Information shown:
◆ ◆ ◆ ◆
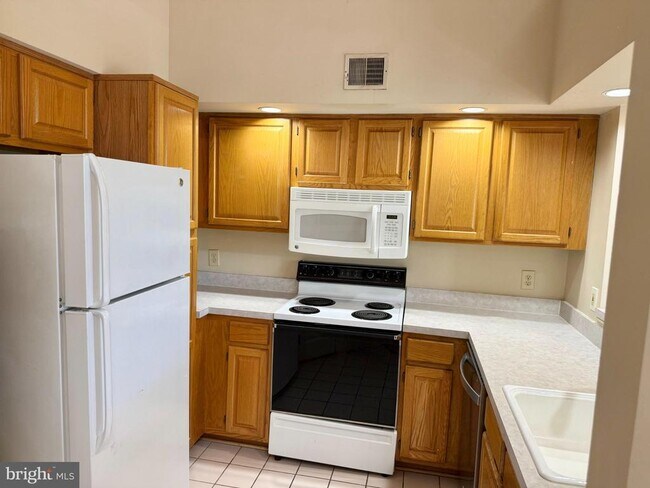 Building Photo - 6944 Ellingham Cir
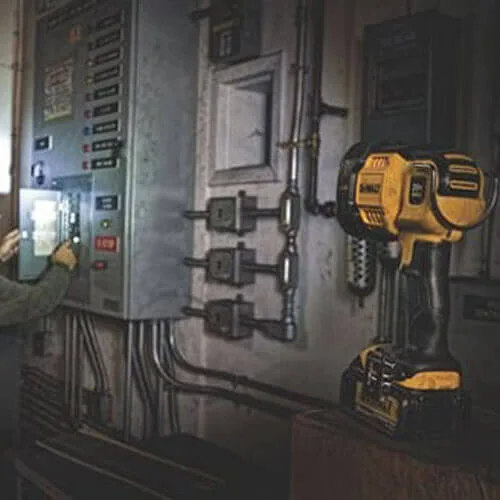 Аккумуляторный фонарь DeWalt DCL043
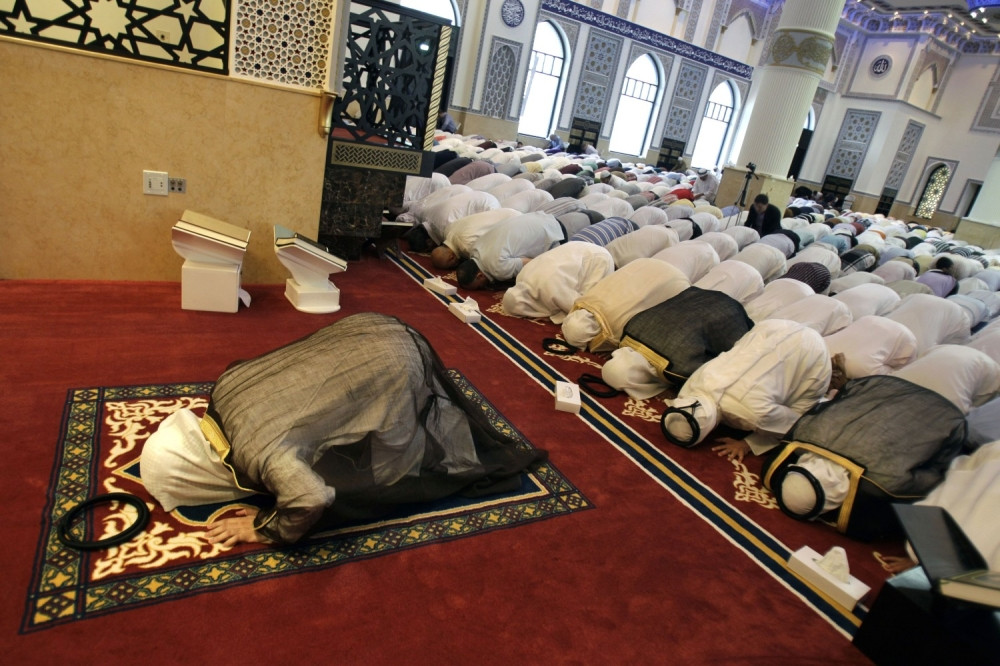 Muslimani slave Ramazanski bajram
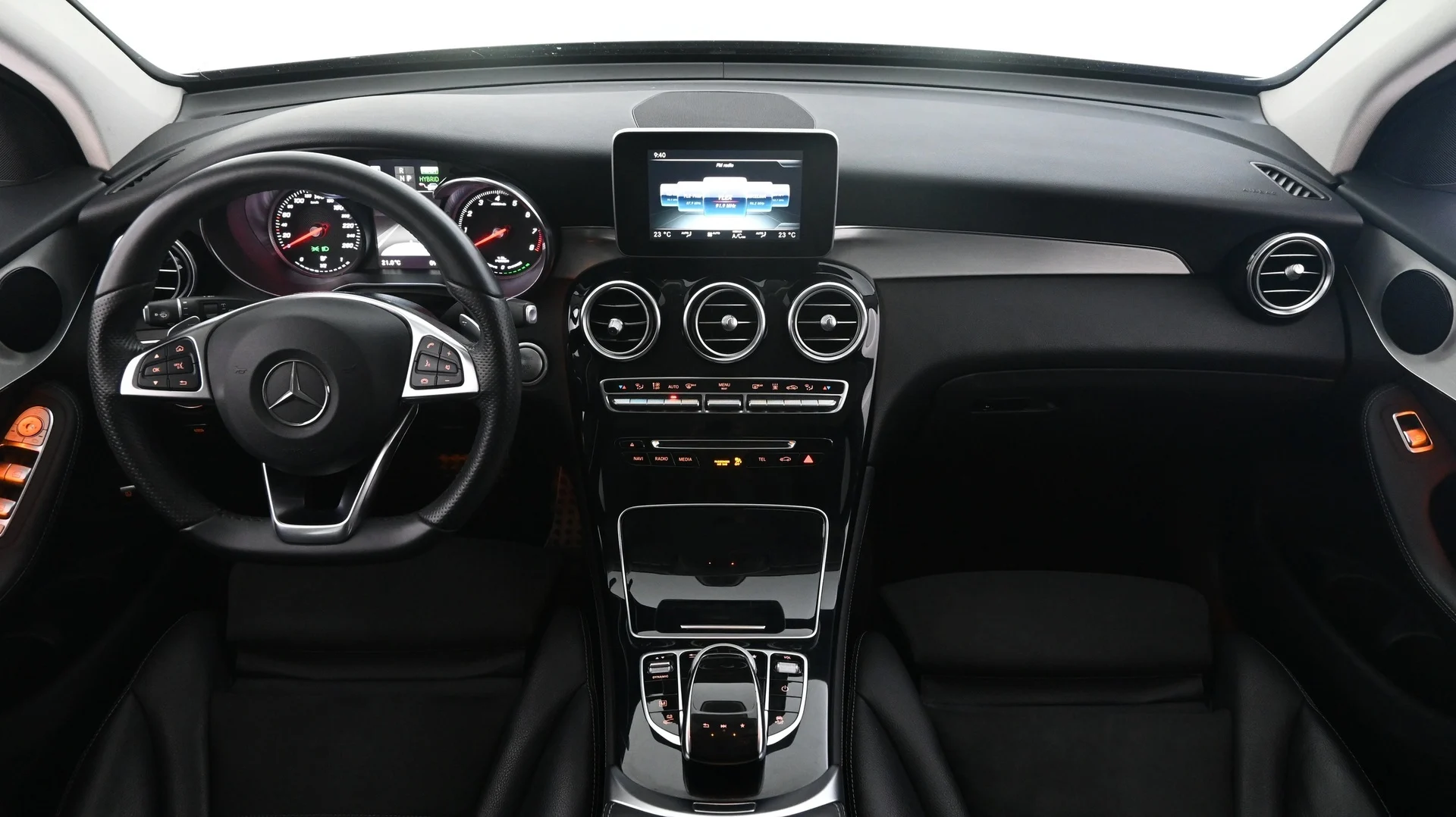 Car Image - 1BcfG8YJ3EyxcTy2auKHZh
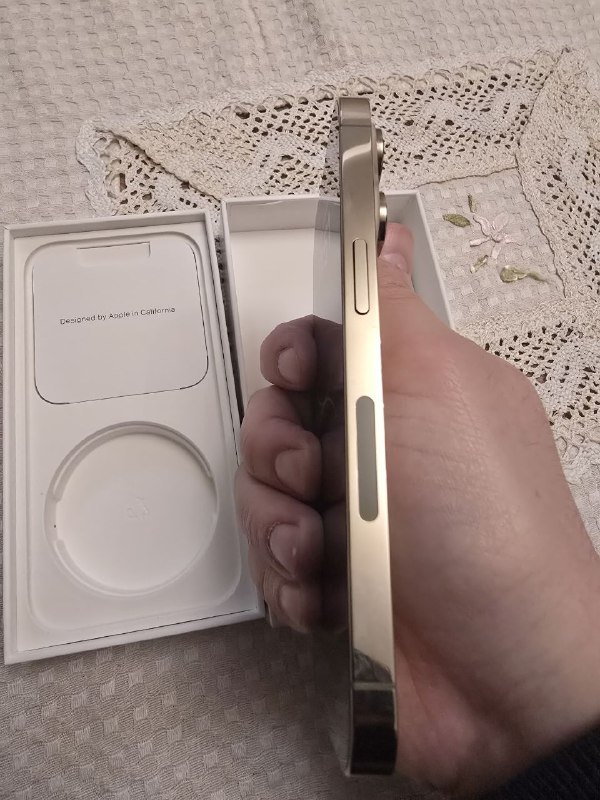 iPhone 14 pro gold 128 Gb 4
◆ ◆ ◆ ◆
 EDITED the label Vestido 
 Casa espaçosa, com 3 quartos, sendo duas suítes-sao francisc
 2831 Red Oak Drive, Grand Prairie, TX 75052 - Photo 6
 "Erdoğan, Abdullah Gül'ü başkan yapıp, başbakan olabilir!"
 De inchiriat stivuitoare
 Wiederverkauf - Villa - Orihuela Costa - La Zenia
◆ ◆ ◆ ◆
Requirement: Find the line with "De inchiriat stivuitoare" in the material above. Reproduce it and each line after it up to and including the line with "Wiederverkauf - Villa".

Output of the task:
 De inchiriat stivuitoare
 Wiederverkauf - Villa - Orihuela Costa - La Zenia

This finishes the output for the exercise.